Material provided START

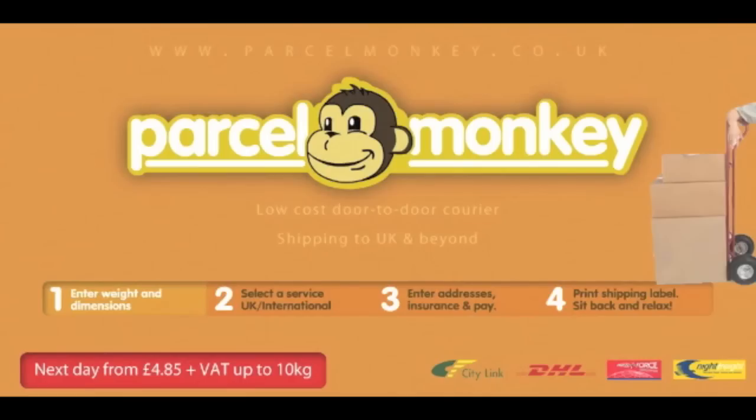Looking to send a package at the lowest price possible? Simple. Visit parcelmonkey.co.uk, follow these four simple steps, have the package collected from your doorstep and then sit back and relax.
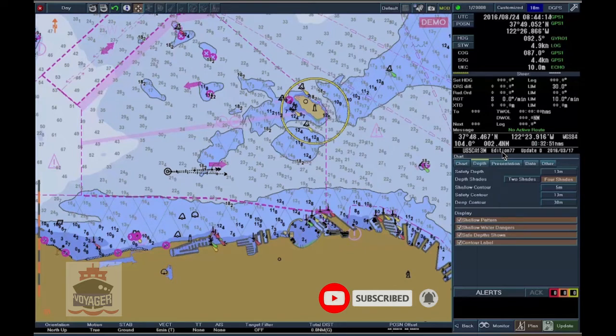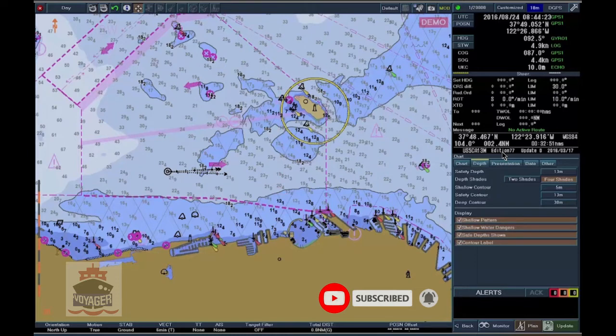Safe soundings are displayed in light grey, while unsafe soundings are highlighted in black to focus the navigator's attention. Note: the safety depth value is automatically returned to the default value of 30 meters after the restart of Ectus.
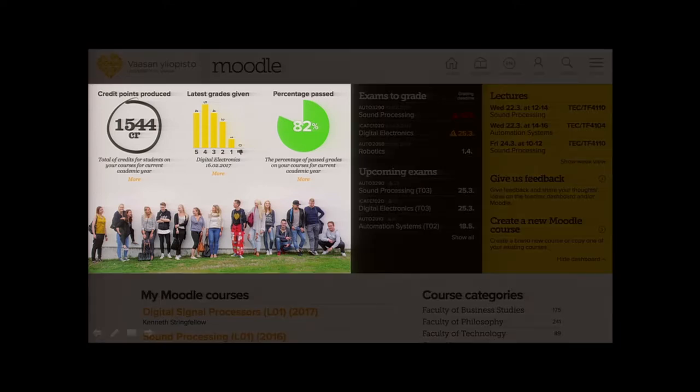This is data coming from our SIS. On the left we have the student credit points the teacher has produced this year. In the center we have the teacher's latest exam showing how many students received each grade or failed. On the right is the percentage of passing grades on this teacher's courses for the academic year. Underneath each data point there is a 'more' link where you can see historical data and compare different years.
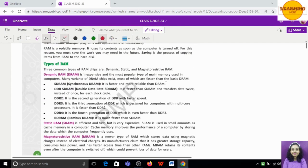Now let's move to the types of RAM. We have three types of RAM: Dynamic, Static, and Magneto-Resistive. These are the three categories. Dynamic RAM, or DRAM, stands for Dynamic Random Access Memory. It is very inexpensive and easily available, and because of that it is also very popular. There are many varieties of DRAM available.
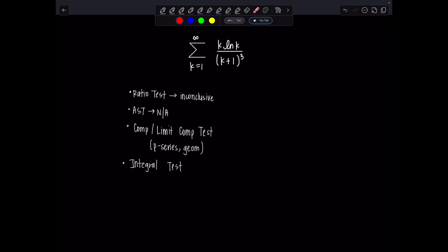Let's first just say: do we think this will converge or diverge? I see k and ln of k in the numerator. ln of k does not grow as fast as k, and in the denominator we have k plus 1 cubed, which basically grows like k cubed. So k over k cubed simplifies to 1 over k squared. Thinking of my p-series, as long as p is greater than 1 it will converge, so I have a feeling this will probably converge also.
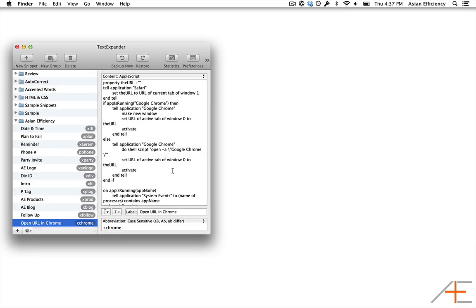Did you know that you can even run AppleScript in TextExpander? For example, you could have an AppleScript snippet that opened the current URL in Chrome instead of Safari.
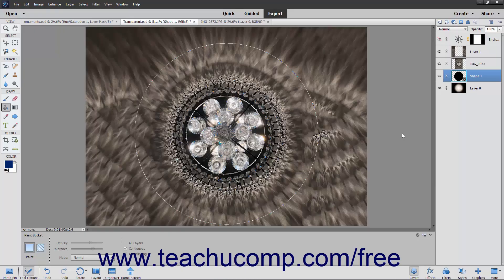You can also quickly duplicate a layer to create another copy of the content in the same image or within a different image file.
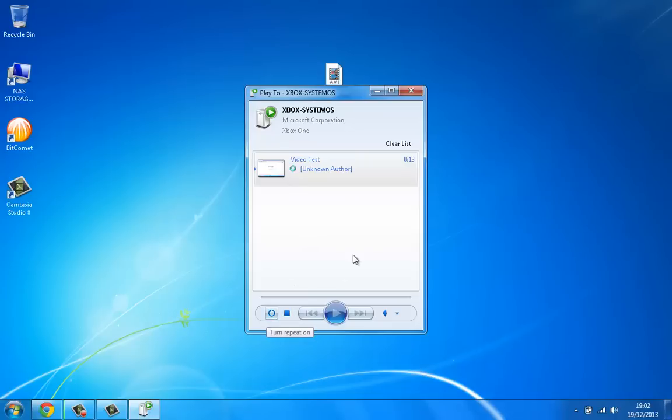You can stop it, restart it, and you can also clear the list or add extra clips here so it automatically plays the next one.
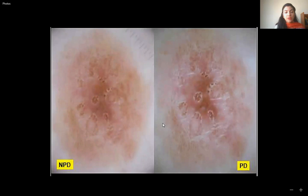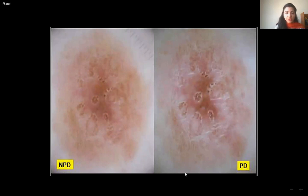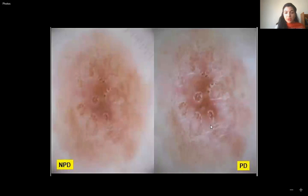As seen in the second image, the short white lines or crystalline structures are visible more with polarized dermoscopy and not with non-polarized dermoscopy. This lesion belongs to BCC, and the typical feature of short white lines is obviously more prominent with the polarized dermoscope.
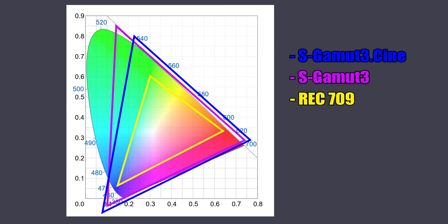Depending on the scene you are recording, this can make a huge difference. Another advantage of Log profiles is their ability to capture more color information. These two things together result in much greater grading capability in post-production — for example, you can have much more room to play with dark and light parts of an image and push the colors.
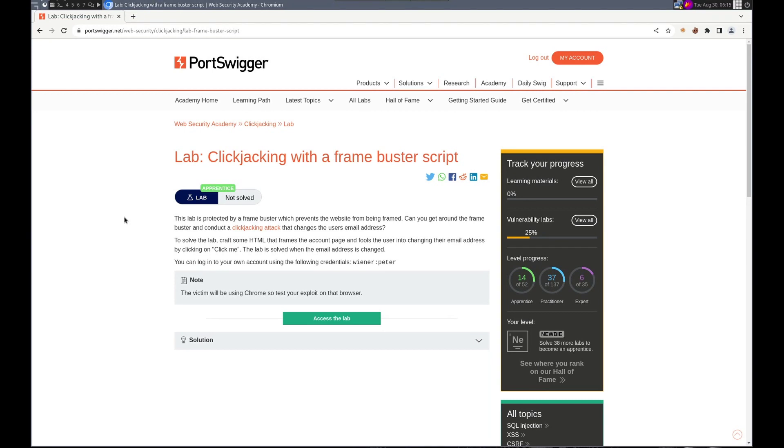Hello, this is Trevor. Today we're working on another clickjacking vulnerability lab in PortSwigger's Web Security Academy.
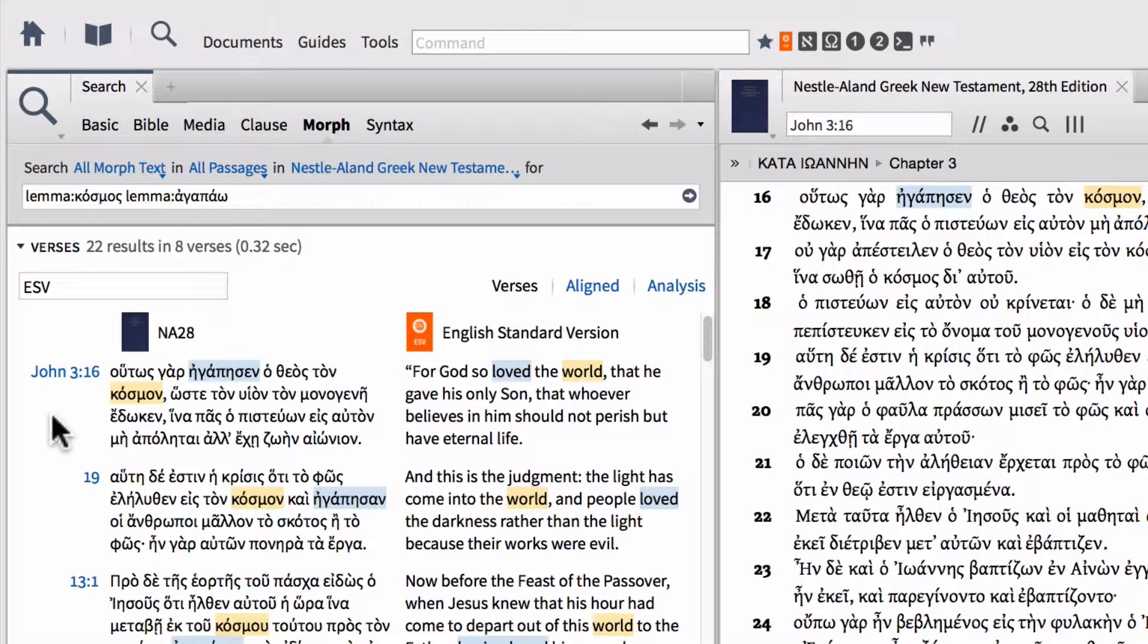In any search, a space in between two terms, as in lemma cosmos space lemma agapao, that stands for the boolean operator AND. So this is saying find every place where this and this appear in the same verse.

Material provided END

What the task requires
Your answer should be the exact lines above from the one containing "Safe soundings are displayed" through the one containing "Did you know", with both end lines kept and the pictures removed, please.

Written solution
Safe soundings are displayed in light grey, while unsafe soundings are highlighted in black to focus the navigator's attention. Note: the safety depth value is automatically returned to the default value of 30 meters after the restart of Ectus.
This is data coming from our SIS. On the left we have the student credit points the teacher has produced this year. In the center we have the teacher's latest exam showing how many students received each grade or failed. On the right is the percentage of passing grades on this teacher's courses for the academic year. Underneath each data point there is a 'more' link where you can see historical data and compare different years.
Now let's move to the types of RAM. We have three types of RAM: Dynamic, Static, and Magneto-Resistive. These are the three categories. Dynamic RAM, or DRAM, stands for Dynamic Random Access Memory. It is very inexpensive and easily available, and because of that it is also very popular. There are many varieties of DRAM available.
Let's first just say: do we think this will converge or diverge? I see k and ln of k in the numerator. ln of k does not grow as fast as k, and in the denominator we have k plus 1 cubed, which basically grows like k cubed. So k over k cubed simplifies to 1 over k squared. Thinking of my p-series, as long as p is greater than 1 it will converge, so I have a feeling this will probably converge also.
Did you know that you can even run AppleScript in TextExpander? For example, you could have an AppleScript snippet that opened the current URL in Chrome instead of Safari.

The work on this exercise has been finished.